• [Data segment]:
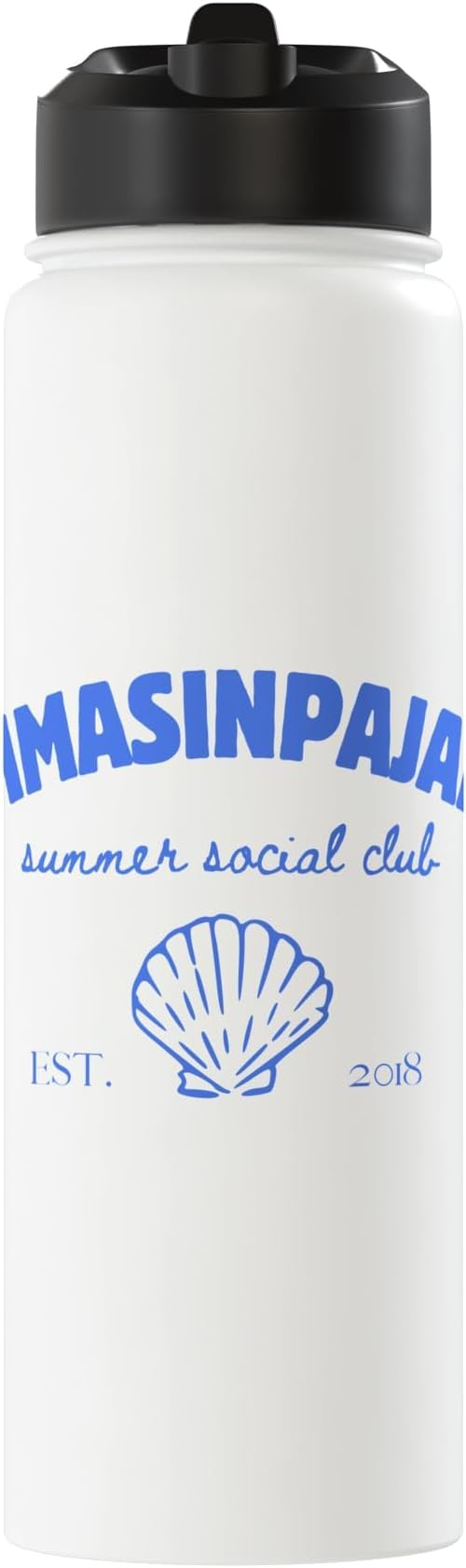 Summer Social Club Stainless Steel Insulated Water Bottle | Amazon (US)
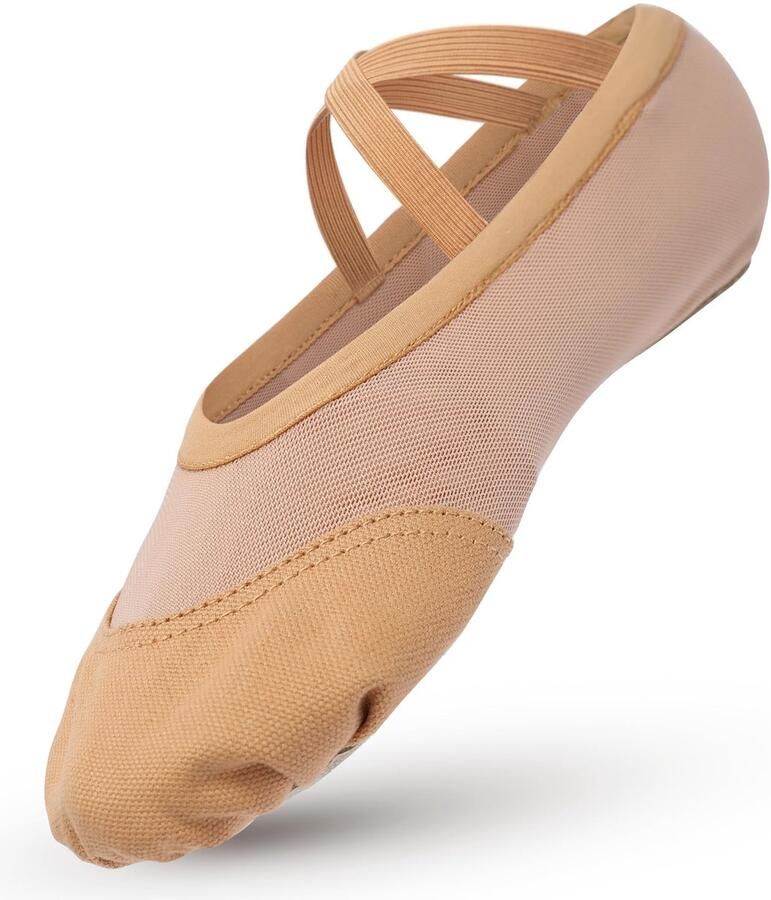 Solidchoice Rekbare Balletschoenen voor Meisjes in Bruin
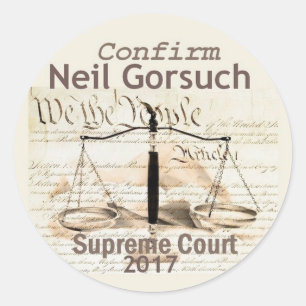 Neil GORSUCH Supreme Court Sticker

• [Your task]: Everything in the data except the pictures needs to be written out exactly.

• [Result of the task]:
 Summer Social Club Stainless Steel Insulated Water Bottle | Amazon (US)
 Solidchoice Rekbare Balletschoenen voor Meisjes in Bruin
 Neil GORSUCH Supreme Court Sticker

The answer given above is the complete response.